── SOURCE DATA ──

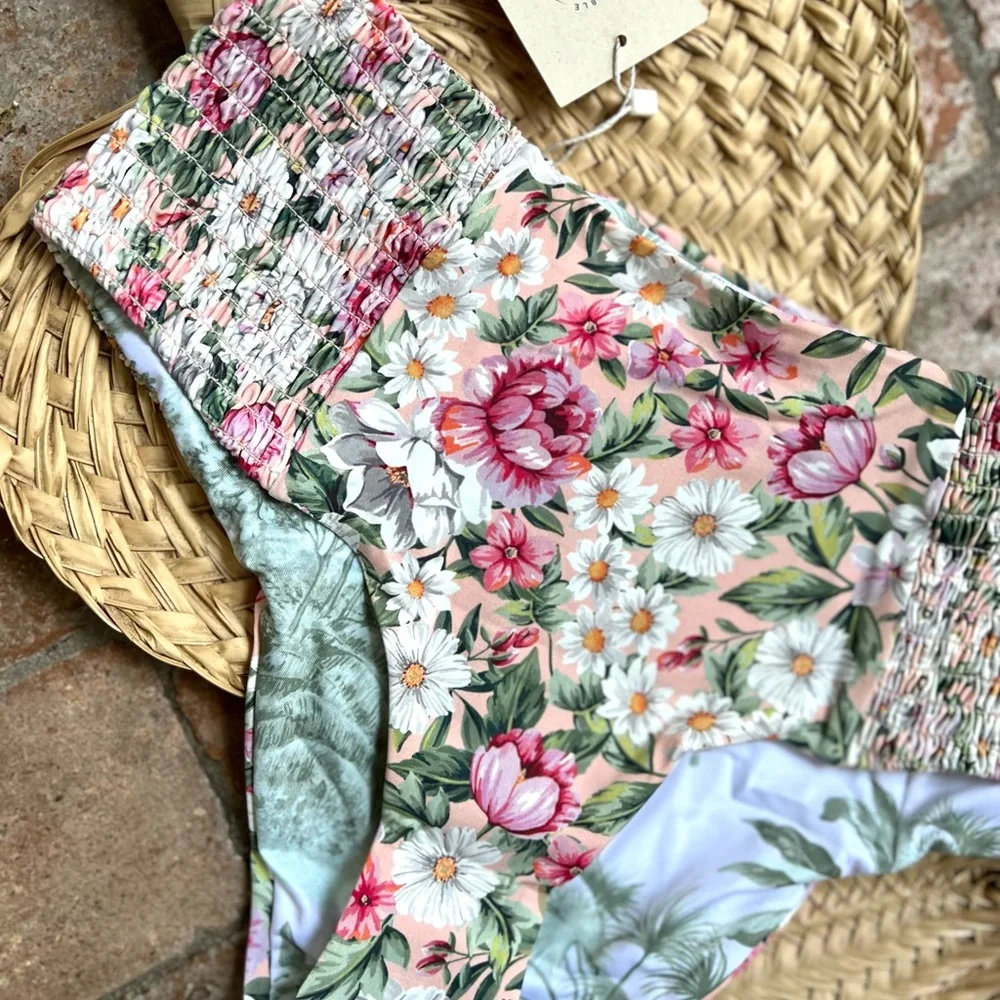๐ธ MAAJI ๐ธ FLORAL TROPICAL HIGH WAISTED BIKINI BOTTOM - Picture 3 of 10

───
── SOURCE DATA ──

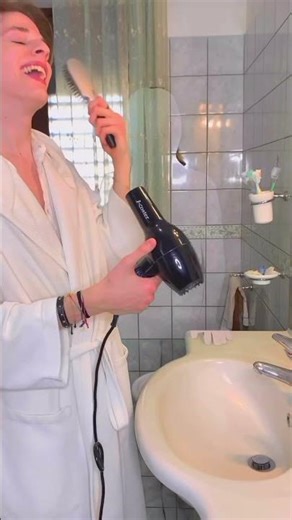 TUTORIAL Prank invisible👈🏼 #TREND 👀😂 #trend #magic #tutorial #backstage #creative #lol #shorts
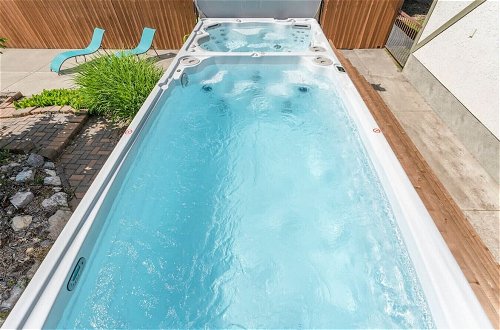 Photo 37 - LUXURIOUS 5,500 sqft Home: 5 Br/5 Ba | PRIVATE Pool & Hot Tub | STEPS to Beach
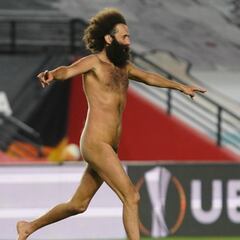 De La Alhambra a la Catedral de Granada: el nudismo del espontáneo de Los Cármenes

───
── SOURCE DATA ──

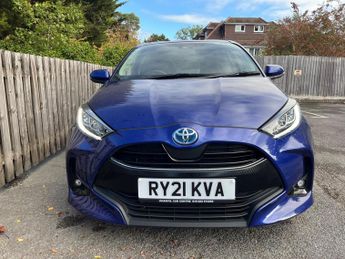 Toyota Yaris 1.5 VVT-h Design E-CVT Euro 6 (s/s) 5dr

───

■ **WORK TO COMPLETE**: From the listing above, restate verbatim the lines running from the one with "TUTORIAL Prank invisible👈🏼" through the one with "De La Alhambra", inclusive, but not the pictures.

■ **ANSWER SECTION**:
 TUTORIAL Prank invisible👈🏼 #TREND 👀😂 #trend #magic #tutorial #backstage #creative #lol #shorts
 Photo 37 - LUXURIOUS 5,500 sqft Home: 5 Br/5 Ba | PRIVATE Pool & Hot Tub | STEPS to Beach
 De La Alhambra a la Catedral de Granada: el nudismo del espontáneo de Los Cármenes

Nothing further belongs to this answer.